By far the strongest correlation is between T&S and BCC (.440). Both of these blogs are also contenders for being the most correlated in general with the other blogs. Nine Moons is also a contender. Its largest correlation (.255, with Mormon Mentality) is only the 4th largest in the table, but 8 of its 10 correlations–more than for any other blog–are .100 or larger. (T&S and BCC each had 7 of .100 or greater.) ZD also deserves special mention, as we have the highest correlation with three blogs–New Cool Thang, FMH, and ExII.

Mormon Mommy Wars and ExII are clearly the least correlated of these blogs with the others, each only exceeding a correlation of .100 with one other blog. Again, this is strongly dependent on the sample of blogs I chose to look at.

Who comments most consistently across time?

m&m asked the opposite of this question: who commented most variably across months. Unfortunately, when I tried to answer this question, I came up with a list of people who started commenting partway through the year. It’s true that they were the most variable, but that was a trivial answer.

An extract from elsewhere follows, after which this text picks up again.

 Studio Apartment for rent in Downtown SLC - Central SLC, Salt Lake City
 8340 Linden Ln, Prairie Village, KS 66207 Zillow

So I turned the question around to see who commented most consistently from month to month. Unfortunately, when I looked at which commenters had the lowest standard deviation for their monthly comment totals, the answer was a bunch of people who wrote very few comments overall, and so had little opportunity to vary from month to month. To get a more interesting answer, I converted each person’s monthly comment totals to percentages to remove differences due to overall commenting level. Then when I looked at commenters having the lowest standard deviations, I got the following top 10 list:

Commenter Std dev Max month Comments Min month Comments
Kevin Barney 1.54 April, July 137 February 72
Naismith 1.61 September 67 May 34
Steve Evans 1.89 June 209 February 101
Todd Wood 1.93 October 30 March 13
J. Nelson-Seawright 2.00 June, August,
September
95 December 45
Ann 2.01 March 47 August 20
m&m 2.02 July 141 February 59
John Mansfield 2.04 July 71 January 25
Susan M 2.41 March 79 October 34
Caroline 2.52 August 42 December 17

These are the reliable commenters of the bloggernacle, always around, regardless of the time of year. If the people on this list are any indication, discussion slows down a little in the winter (for the northern hemisphere) and picks up in the summer.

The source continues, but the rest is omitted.